Top of Records for the task

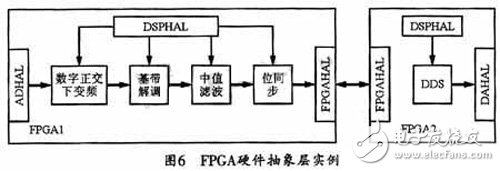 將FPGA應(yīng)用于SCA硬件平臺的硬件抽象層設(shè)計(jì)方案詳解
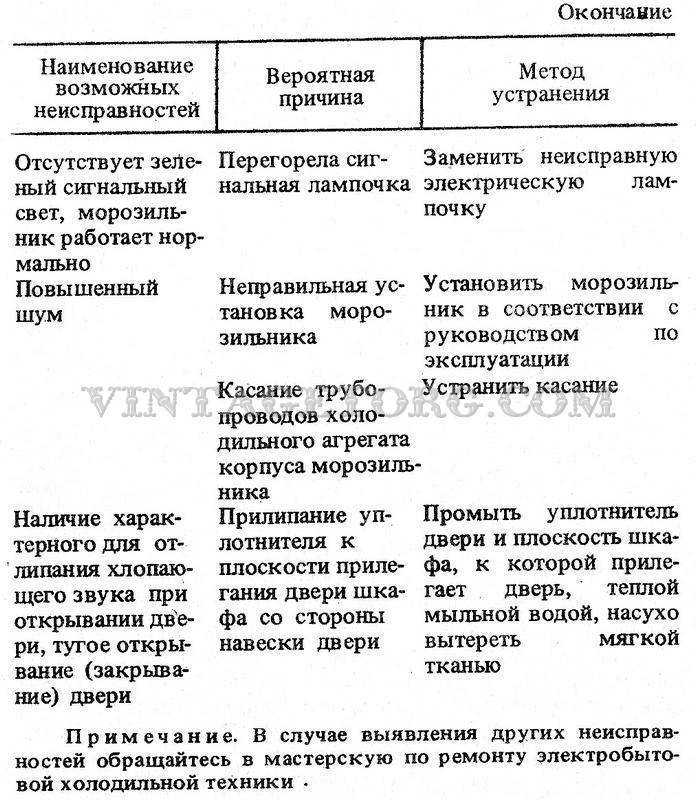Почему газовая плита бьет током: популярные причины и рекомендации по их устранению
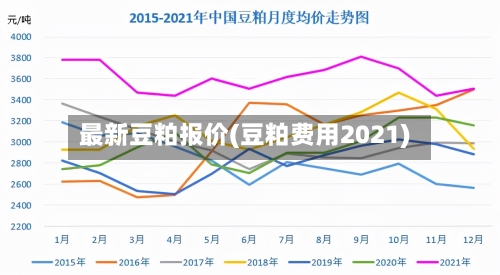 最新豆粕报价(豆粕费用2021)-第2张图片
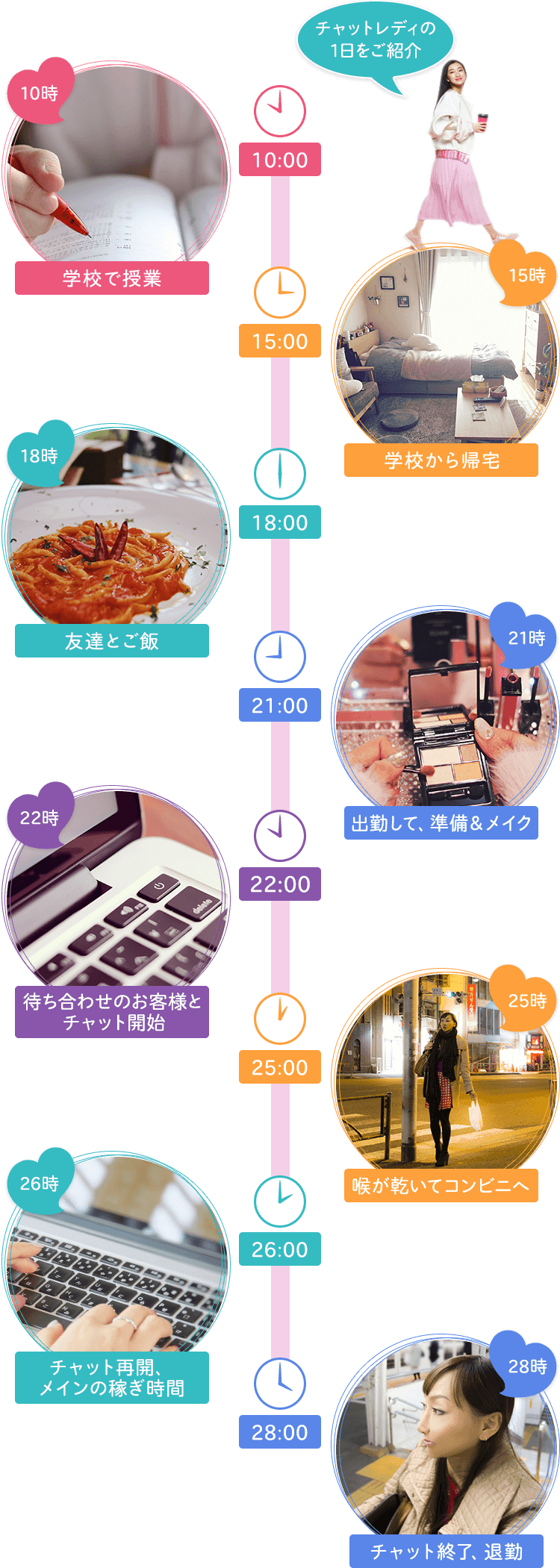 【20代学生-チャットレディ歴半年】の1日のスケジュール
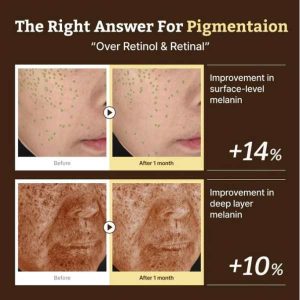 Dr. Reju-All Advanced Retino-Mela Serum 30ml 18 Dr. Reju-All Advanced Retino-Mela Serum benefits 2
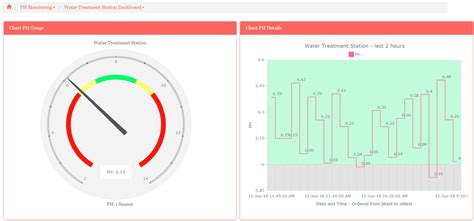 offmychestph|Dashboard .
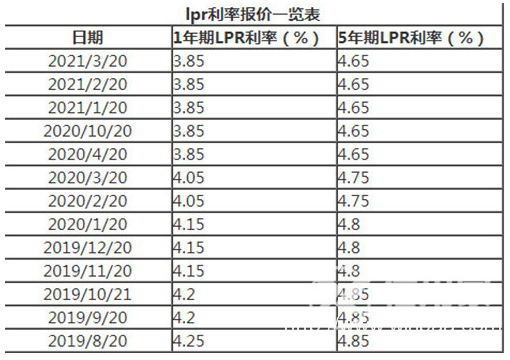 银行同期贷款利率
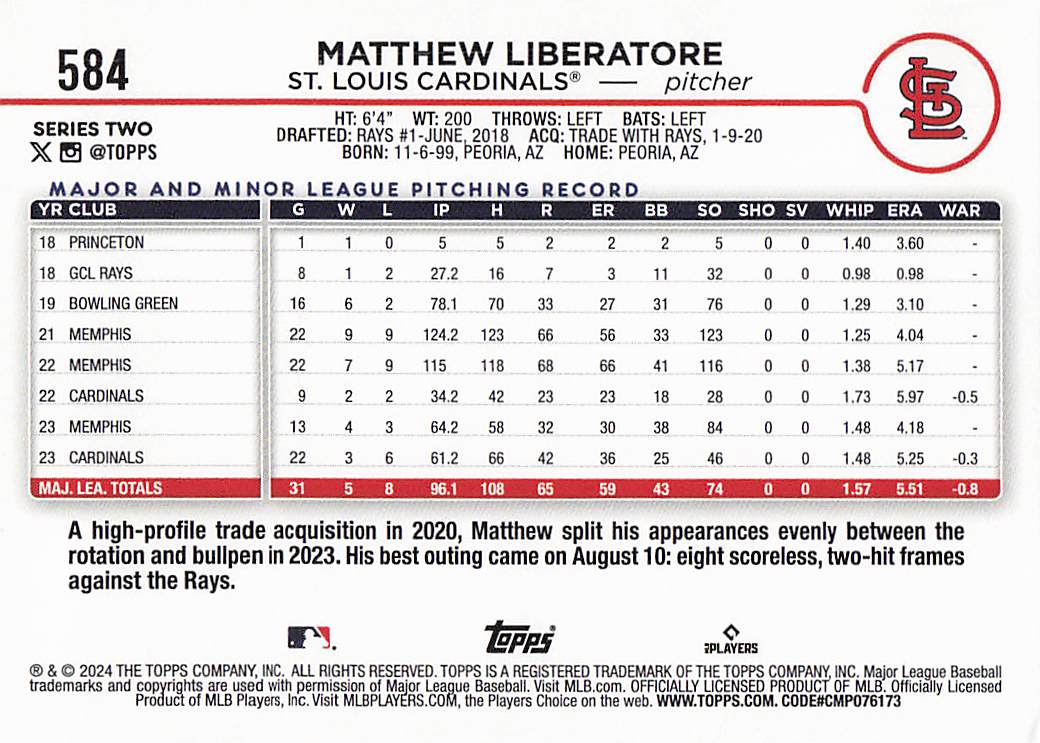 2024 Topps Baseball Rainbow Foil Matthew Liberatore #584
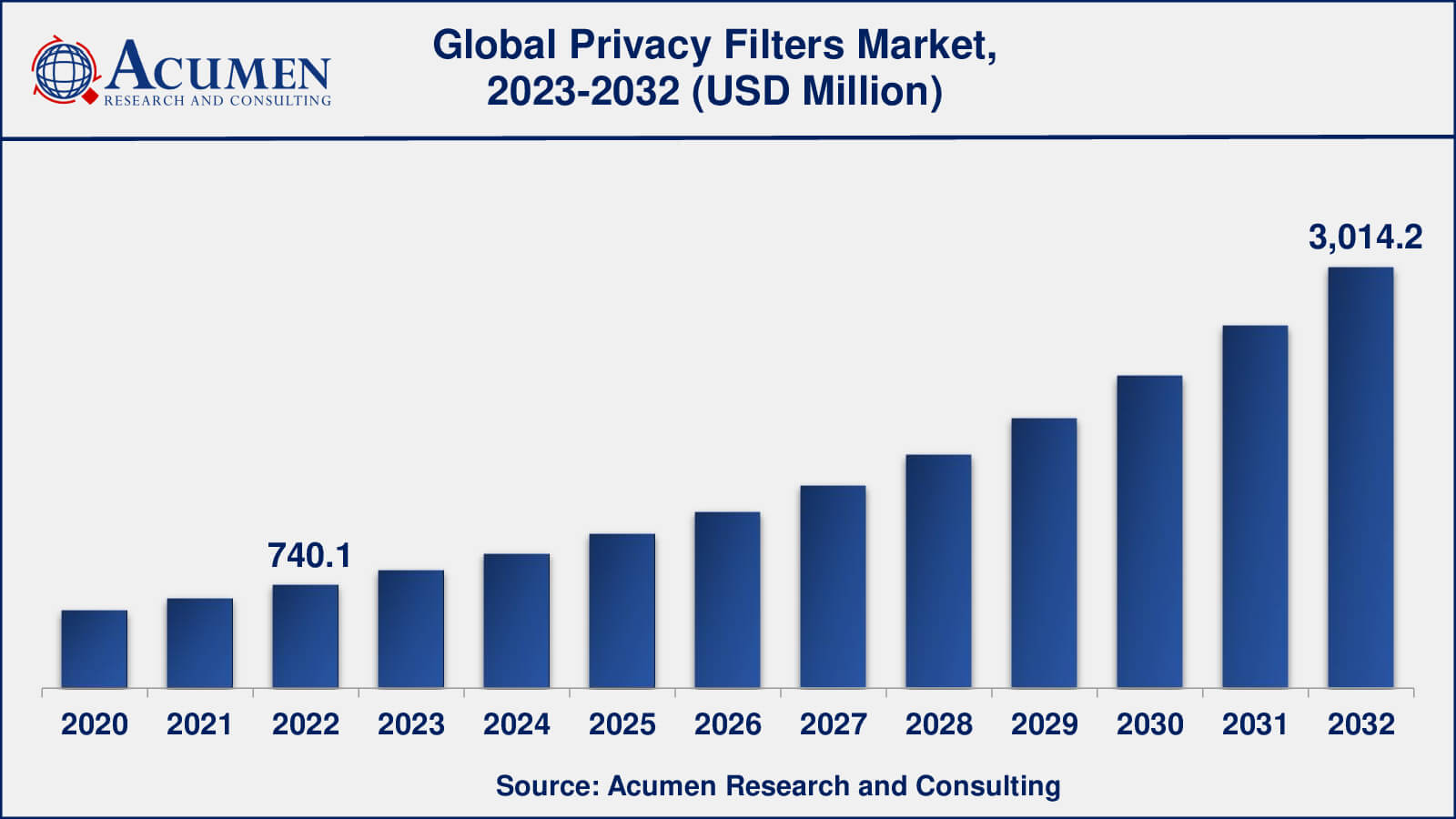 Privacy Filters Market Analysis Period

Bottom of Records for the task

**Instructions for the task:** Return the data word for word without its pictures.

**Solution to this exercise:**
 將FPGA應(yīng)用于SCA硬件平臺的硬件抽象層設(shè)計(jì)方案詳解
Почему газовая плита бьет током: популярные причины и рекомендации по их устранению
 最新豆粕报价(豆粕费用2021)-第2张图片
 【20代学生-チャットレディ歴半年】の1日のスケジュール
 Dr. Reju-All Advanced Retino-Mela Serum 30ml 18 Dr. Reju-All Advanced Retino-Mela Serum benefits 2
 offmychestph|Dashboard .
 银行同期贷款利率
 2024 Topps Baseball Rainbow Foil Matthew Liberatore #584
 Privacy Filters Market Analysis Period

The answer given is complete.